Invasão Caipira

0
Araraquara é uma cidade média do interior de São Paulo com cerca de duzentos mil habitantes, está a 280 km da capital. É rodeada por plantações de cana de açúcar e pés de laranja. Seus habitantes respiram o ar cítrico sem sentir o cheiro em suas narinas tão fatigadas. O cinturão da cana é um espaço demarcado, linguisticamente reconhecido seja pelo “r” retroflexo, ou mesmo pela interjeição “acha”, ou ainda com a preposição “de” na expressão “passo de lá”, como também pelas ruas com nomes, mas indicadas por números. 

A cidade é ainda um estado central da música, capaz de criar festivais, grupos, cantores, músicos de extrema qualidade, movimentar excursões para shows na capital criando uma invasão caipira. Os grandes concertos de rock, espetáculos, festivais fazem com que um contingente de fãs da cidade se desloque para São Paulo percorrendo 280 km para ver, ouvir, sentir a música em uma viagem de um dia. 

Ônibus fretados saem rumo à capital a partir do Bar do Zinho que fica em frente a uma praça na rua mais bonita da cidade. O bar é um local de formação, educação, comunhão musical, onde músicos independentes do interior, da cidade tocam, bebem, conversam, dialogam há mais de meio século. A saída é perto da hora do almoço, quando começa a chegar uma leva de adoradores da música com roupas pretas, camisas de bandas, carregando coolers, sacolinhas com os mantimentos, acessórios para a viagem. 

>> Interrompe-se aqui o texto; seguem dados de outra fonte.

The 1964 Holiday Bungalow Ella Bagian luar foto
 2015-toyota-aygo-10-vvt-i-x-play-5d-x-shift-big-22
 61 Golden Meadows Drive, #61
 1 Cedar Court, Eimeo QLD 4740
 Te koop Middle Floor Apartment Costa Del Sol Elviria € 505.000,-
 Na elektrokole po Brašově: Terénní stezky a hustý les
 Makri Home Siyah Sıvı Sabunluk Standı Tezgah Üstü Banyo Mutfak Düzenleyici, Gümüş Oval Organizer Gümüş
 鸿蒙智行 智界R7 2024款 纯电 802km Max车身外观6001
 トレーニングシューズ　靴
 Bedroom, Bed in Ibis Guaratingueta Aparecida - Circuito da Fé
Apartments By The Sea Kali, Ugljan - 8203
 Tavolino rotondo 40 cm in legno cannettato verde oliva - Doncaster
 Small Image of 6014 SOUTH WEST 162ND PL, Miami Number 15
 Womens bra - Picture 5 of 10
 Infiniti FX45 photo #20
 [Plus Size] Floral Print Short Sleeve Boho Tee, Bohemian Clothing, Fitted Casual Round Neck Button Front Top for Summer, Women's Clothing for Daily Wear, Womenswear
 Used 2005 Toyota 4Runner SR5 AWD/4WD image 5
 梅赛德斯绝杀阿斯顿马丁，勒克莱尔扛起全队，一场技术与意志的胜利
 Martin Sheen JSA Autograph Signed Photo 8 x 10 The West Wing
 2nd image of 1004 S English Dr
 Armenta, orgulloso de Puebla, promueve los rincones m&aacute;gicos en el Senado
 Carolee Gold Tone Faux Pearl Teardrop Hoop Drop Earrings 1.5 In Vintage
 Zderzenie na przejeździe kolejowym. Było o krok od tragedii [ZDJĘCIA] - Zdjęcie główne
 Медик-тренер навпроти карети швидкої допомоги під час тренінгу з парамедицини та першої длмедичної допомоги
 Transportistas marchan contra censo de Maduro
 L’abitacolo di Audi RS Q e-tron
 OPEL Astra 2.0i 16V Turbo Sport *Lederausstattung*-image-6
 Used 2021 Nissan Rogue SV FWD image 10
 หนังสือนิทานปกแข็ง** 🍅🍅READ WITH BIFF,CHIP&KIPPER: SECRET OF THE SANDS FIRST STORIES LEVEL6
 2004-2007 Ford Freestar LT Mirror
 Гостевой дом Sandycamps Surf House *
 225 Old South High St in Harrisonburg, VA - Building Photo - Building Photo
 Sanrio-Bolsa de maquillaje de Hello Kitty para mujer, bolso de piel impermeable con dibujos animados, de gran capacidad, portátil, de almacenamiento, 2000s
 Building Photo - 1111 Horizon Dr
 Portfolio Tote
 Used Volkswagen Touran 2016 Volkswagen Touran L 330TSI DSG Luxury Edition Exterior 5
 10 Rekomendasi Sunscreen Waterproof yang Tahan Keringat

A música cria uma peregrinação de araraquarenses até São Paulo, criando uma invasão caipira da capital. Uma viagem (“excursão”) como chamada no interior, de um dia, um “bate-volta” fazendo o percurso ser interessante, de modo que alguns preferem se embriagar levemente ou apenas dormir na esperança da viagem ser encurtada. Há os que são enciclopédias, repletos de história no ramo, que estiveram em concertos históricos. 

O concerto, o espetáculo musical é o fim, o objetivo final, mas a travessia do interior à capital é interessante: há o casal (Zé e Glaucia) que voltou de São Paulo apenas para ir no ônibus com os amigos, ou ainda a tímida, a bonita moça (Andréia) de Taquaritinga que viaja um pouco mais. No corredor do ônibus cenas inusitadas: alguns como Paulo Afonso, Igor e Plex conversam sobre física, filosofia, cinema e fotografia; outros, como o Matheus, preferem contar histórias; um estudante tenta fazer o trabalho da faculdade para a manhã seguinte. 

Araraquara é reconhecida não somente pela visita do filósofo francês que quis responder a uma questão, mas pela adoração à música. Não somos reconhecidos apenas pela cana, pela laranja ou pelo “r” “puxado” ou mesmo “arrastado”, a cidade é música, frequências altas, baixas, locais de batidas, ritmos, a música é a nossa melhor amiga. Se não temos boas narinas, compensamos com ouvidos apurados, exigentes, que buscam sons e sentidos na música sendo capaz de criar peregrinações até São Paulo.